どうする? 『タッチ』

あだち充の『タッチ』は、まずTV版アニメを見て、その後原作コミックもすべて読んだ。マンガをあまり読まないワタシとしては異例中の異例で、いったいどこが気に入ったのか、今となってははっきり思い出せないけれど、特に印象に残っているのは、台詞の少なさととても静かだったところ。
TVは多少目を離していても筋書きが追えるように説明的な台詞を多用する。ところが『タッチ』は、騒々しい音が絶え間なく画面を覆いつくしていたそれまでのアニメとは違って、ほとんどまったく音がない(音を感じさせない)画面が目立っていたように思う。特に弟・和也の事故死を描いた回がそうだった。そんな静けさが当時は実に新鮮に思えた。

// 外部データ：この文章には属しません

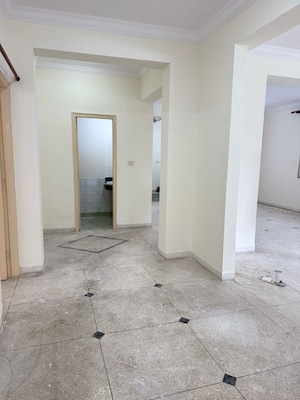 Room in 3.5 BHK Apartment at Unitech Ivory Towers, Sector 40 – for Rent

達也、和也の双子兄弟と浅倉南という女の子の奇妙な三角関係が、何となくトリュフォーの『突然炎のごとく』を思わせるところも好きだった理由のひとつ。あだち充は、実は『突然炎のごとく』という映画が大好きだったのではないか(この点は、原作者本人に是非とも伺ってみたいところだが)・・・・そう思っていたら、実際『突然炎のごとく』がリバイバル上映されている映画館の前のシーンが出てきてビックリしたことがある(ちなみに今月18日付けの中日新聞でも小林信彦氏が、映画版『タッチ』の批評で“『突然炎のごとく』を連想した”と書いている)。

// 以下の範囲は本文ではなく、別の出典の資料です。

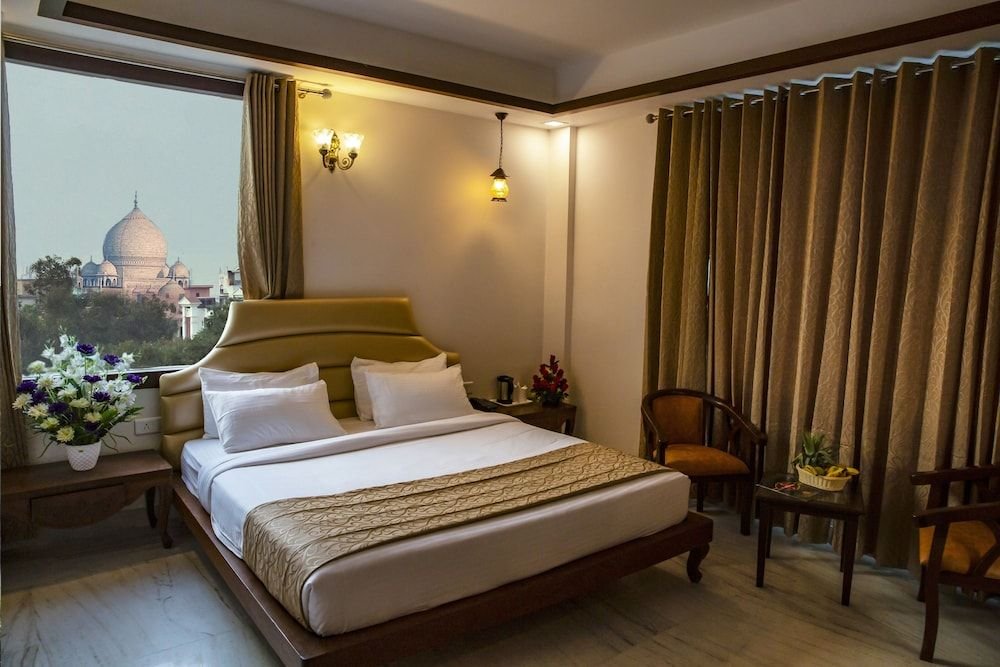 Goyal Hoteliers - Hotel The Agra Grande,Belanganj>>Agra,4 star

さて、映画版『タッチ』の評判が上々のようである。TV版アニメも原作コミックも大好きなワタシとしては、見るべきか見ざるべきか、非常に迷っている。長澤まさみチャンが浅倉南のイメージに合っているかどうかも気になるところ。
このあいだシネ・コンに行ったときは迷ったあげく『NANA』の方を見てしまったのだ。さて、どうする・・・・。